The entirety of what eventually became known as the “Newell Act” was: “In New Jersey. – For providing surf boat, rockets, carronades, and other necessary apparatus for the better preservation of life and property from shipwreck on the coast of New Jersey, between Sandy Hook and Little Egg Harbor, ten thousand dollars;” It was not an actual act of legislation. But it was a start.
With these funds, the Treasury Department constructed eight lifeboat stations, equipped with galvanized iron surfboats, metal life-cars complete with air chambers and India rubber floats and fenders, and rockets and mortars— along with blue lights, ropes, powder, heating stoves and firewood, lanterns, and shovels. Each station was equipped with a cannon that could shoot a line out to a ship for aiding in rescue efforts. The sheds were erected at five-mile intervals from Sandy Hook to Egg Harbor, in acknowledgment of the severe danger to ships of this stretch of land.
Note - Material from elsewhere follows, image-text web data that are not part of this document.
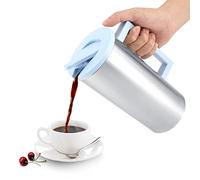 Pichet à Eau en Verre avec Poignée Ergonomique 1,8 L - Pichet pour Thé, infusion et Citron Pressé - Design Moderne, Capacité 1800 Ml - couleur Bleu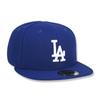 New Era 59 Fifty Los Angeles Dodgers MLB 2017 Authentic Collection On Field Game Fitted Cap, Blue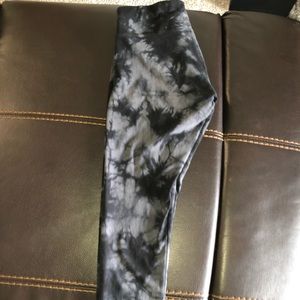 Calvin Klein black tie dye leggings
The Newell Act is often thought by many to be the official founding of the U.S. Life-Saving Service, but it would be another 30 years before the federal government would formally assume full responsibility for coastal marine rescue and salvage. Over these three decades, the same system of paid wreck-masters appointed by courts for county districts remained in place (Click here to read the Early Legislative History of New Jersey Laws Concerning Wrecks). And this meant that training, staffing, and pay all remained inadequate. Further, there were no funds appropriated for the ongoing maintenance of the life-saving gear that was purchased, and the effects of harsh Atlantic winters and salt water on this equipment led to a steady decrease in the effectiveness of these stations.
The Demise and Legacy of Wreckers
The Federal Wrecking Act on March 3, 1825, mandated that all property shipwrecked in American waters had to be brought to a U.S. port of entry. This ended the longstanding practice of Bahamian wreckers taking U.S. vessels from U.S. waters back to the Bahamas for disposition.
In 1828, the U.S. established a Superior Court in Key West with maritime and admiralty jurisdiction. The only other courts were at St. Augustine and Pensacola, so almost all of the Florida Keys wrecking property was taken to Key West. The wrecking act was further tightened in 1847. Between 1848 and 1858, the Admiralty Court adjudicated 499 wrecks. In 1852 alone, the annual salvage income totaled $1,500,000.
The courts employed 13 rules of wrecking covering collusion, licensing, discrimination, bribery, price fixing, using a disaster to make a profit, wharfage, providing the ship’s master with a copy of rules, rights of the master wrecker, etc. The wrecking ship and its master had to be licensed; its owner’s name only had to be recorded. The ones who prospered were the ship owners and warehouse owners.
The Wrecking License Bureau of the court closed in 1921. The last known licensed wrecker, Captain Chet Alexander, passed away in 1984.
Technology and innovation eventually made wreckers mostly obsolete. New and better lighthouses and lightships made for more reliable navigation aids, with improvements in lenses enabling signals to be seen many miles out at sea. Charts became more standardized and accurate. Insurers made professional pilots available to help ships navigate dangerous passages, and mandated their use. And the advent of steam-powered vessels also gave mariners far greater ability to stay out of trouble during bad weather.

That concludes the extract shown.